- _Your objective_:
Write the data below out exactly as it stands. Do not include the pictures.

- _Source material_:
────────
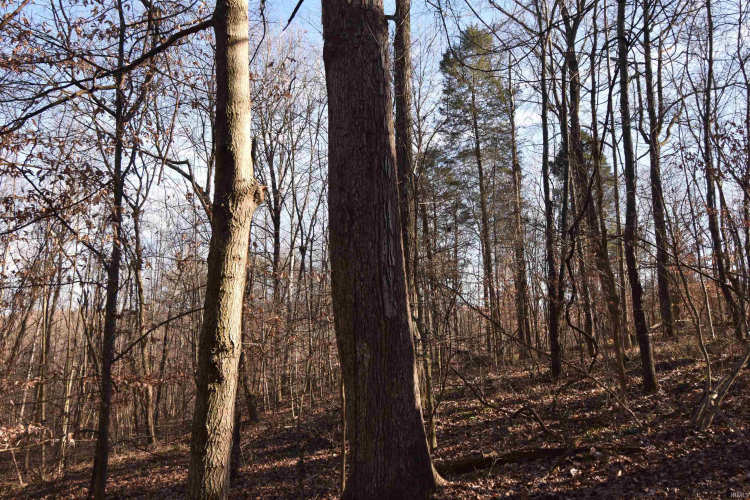 Listing Image 25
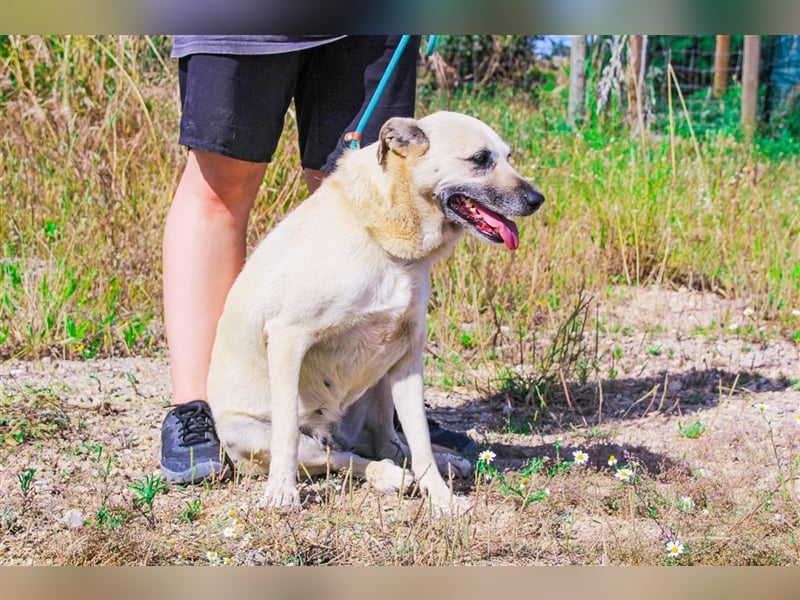 Gerda, Mix Labrador / Schäferhund , lieb und verträglich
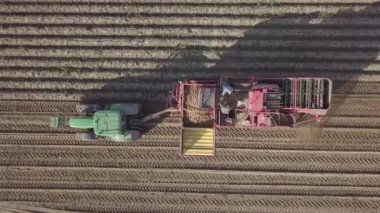 bir birleştirmek ile patates hasat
────────
- _Solution for this task_:
 Listing Image 25
 Gerda, Mix Labrador / Schäferhund , lieb und verträglich
 bir birleştirmek ile patates hasat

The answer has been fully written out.